Dynamic fault trees (DFTs) are directed acyclic graphs that are more expressive and more involved than static fault trees. They cater for common dependability patterns, such as spare management, functional dependencies, and sequencing. The DFT behavior is described by continuous-time Markov chains (CTMCs), where transitions correspond to the failure of a basic event. DFT analysis is a well- developed field in reliability engineering; its main bottleneck is the efficient generation and analysis of CTMCs. Recent research showed that the state-space generation can be significantly boosted by exploiting successful reduction techniques from model checking, such as symmetry and partial-order reduction. Accompanied with a fast analysis of CTMCs—determining the DFT’s mean time to failure, or its reliability—using probabilistic model-checking algorithms, this yields a speed up and reduction in memory consumption by a few orders of magnitude compared to state-of- the-art techniques for DFTs.

The first main objective of this dissertation project is to apply these new technologies to the safety analysis of railway systems, in particular we would like to compare different kinds of signal boxes and their reliability and to study the impact of different train protection (ATP) and train control systems (ATC). These systems supervise the train movements. Additionally we will examine the new European Train Control System ETCS.
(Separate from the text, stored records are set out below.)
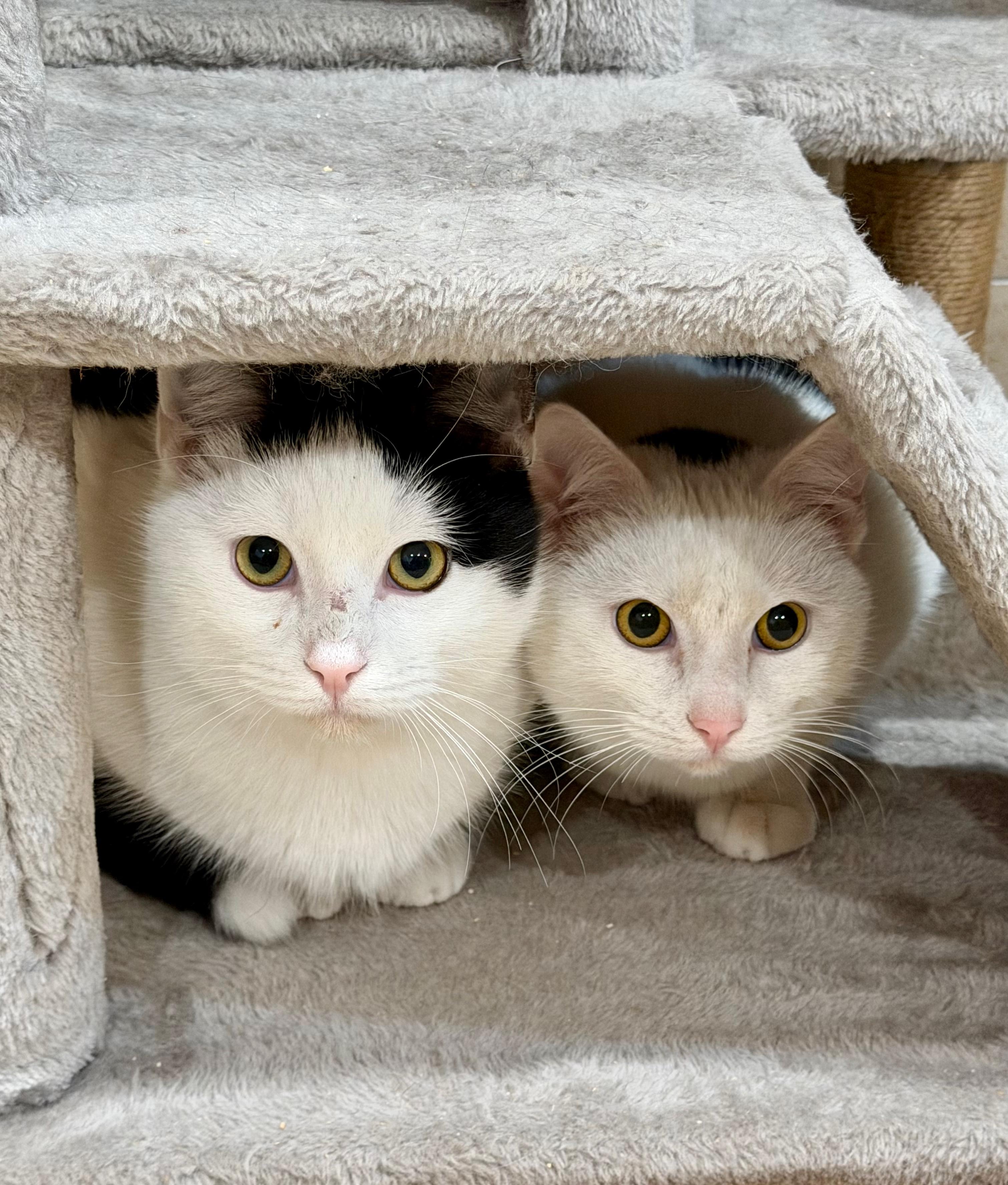 Enlarge Tristan, a Adoptable Domestic Short Hair in Manhasset, NY image 4/6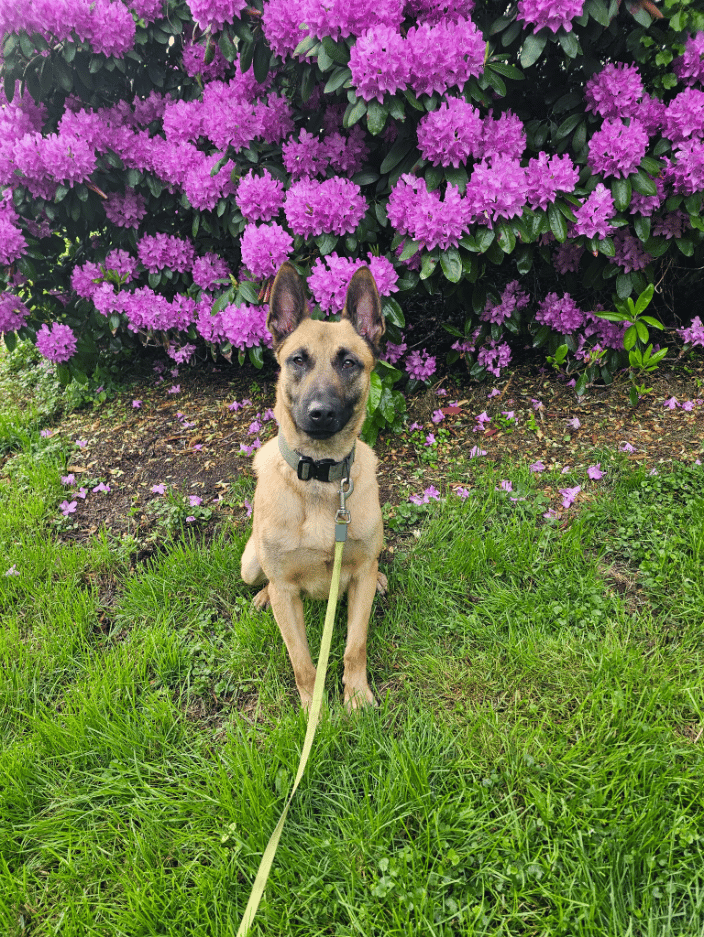 18 month old Malinois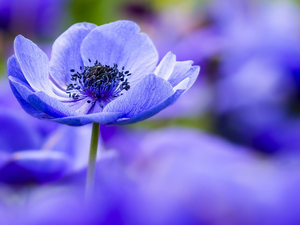 fuzzy, background, blue, anemone, Colourfull Flowers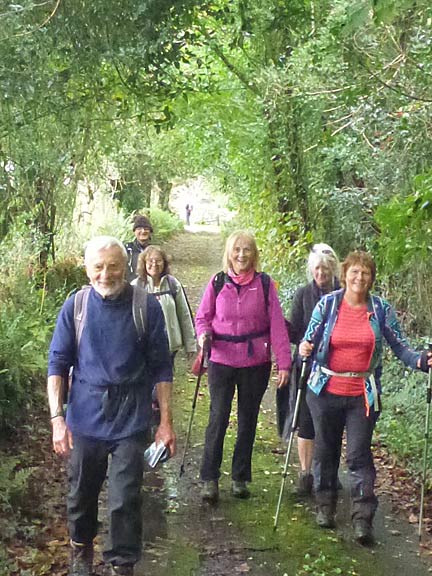 8.Criccieth to Pont Dolbenmaen
4/10/20. Walking through an avenue of trees near cefn-y-maen.
Keywords: Oct20 Sunday Dafydd Williams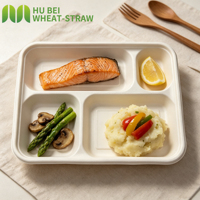 Plateau rectangulaire jetable en bagasse de canne à sucre à 4 compartiments, robuste, compatible micro-ondes, compostable, écologique, pour plats à emporter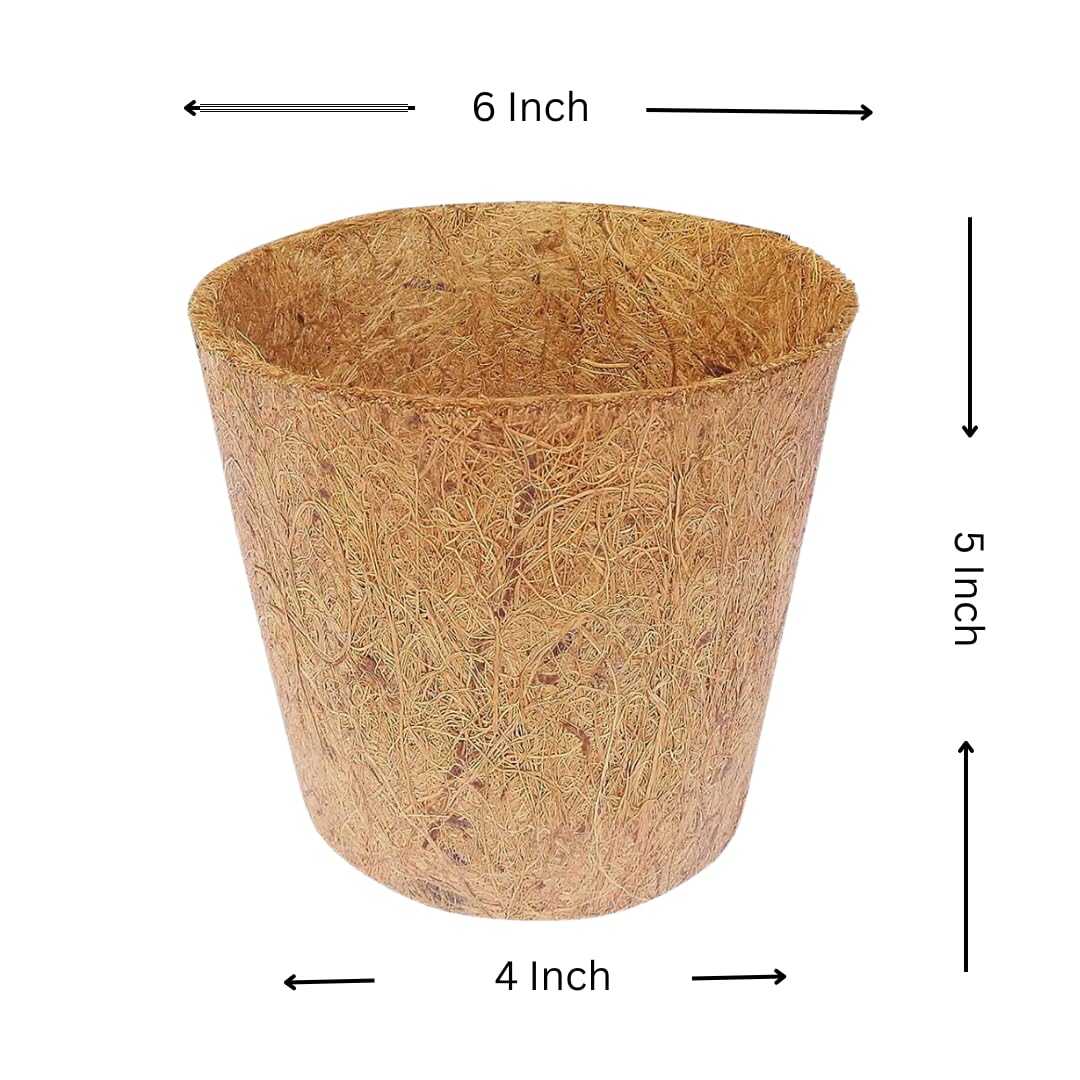 Coco Coir Pot Eco-Friendly and Bio-Degradable Planter Pot (6 inch Size )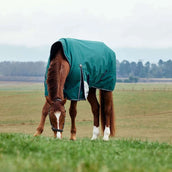 WeatherBeeta ComFiTec Plus Dynamic Turnout High Neck 220g Forest Green/Navy WeatherBeeta ComFiTec Plus Dynamic Turnout High Neck 220g Forest Green/Navy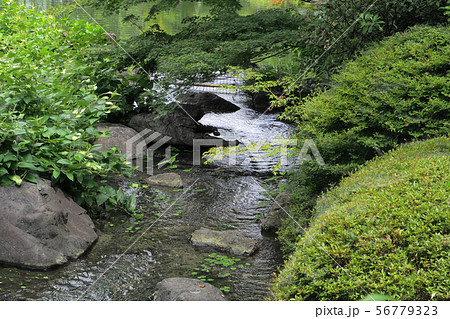 白鳥庭園点景 白鳥庭園点景 56779323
One of the drawbacks of DFT analysis is that the failure rates of all system components are to be fixed in advance. This is a severe restriction as mostly failure rates are not commonly known. This holds in particular for new components. Another source of uncertainty in DFT modelling is the amount of required redundancy in the system. On the other hand, overall system reliability requirements are known. Relevant questions then are: what is the maximal tolerable failure rate of a system component ensuring a mean time to failure that is above a given threshold, e.g., two months (or years)?, and what is the minimal amount of redundancy for a given component so as to establish this MTTF? These questions are of high practical relevance to the safety analysis of railway systems and cannot be answered with current means. For example in the last years railway infrastructure managers (or their suppliers) are asked to guarantee an average availability and capacity for their lines. The relevant question is how many infrastructure elements and how much redundancy to install on a line.

A second objective of this project is to exploit techniques that synthesise all parameter values, and the degree of redundancy such that the DFT satisfies the required mean-time to failure. For parameter synthesis we plan to build upon previous work on Markov chains using exact and/or approximate algorithms.

(This dissertation project is related to project VE2.)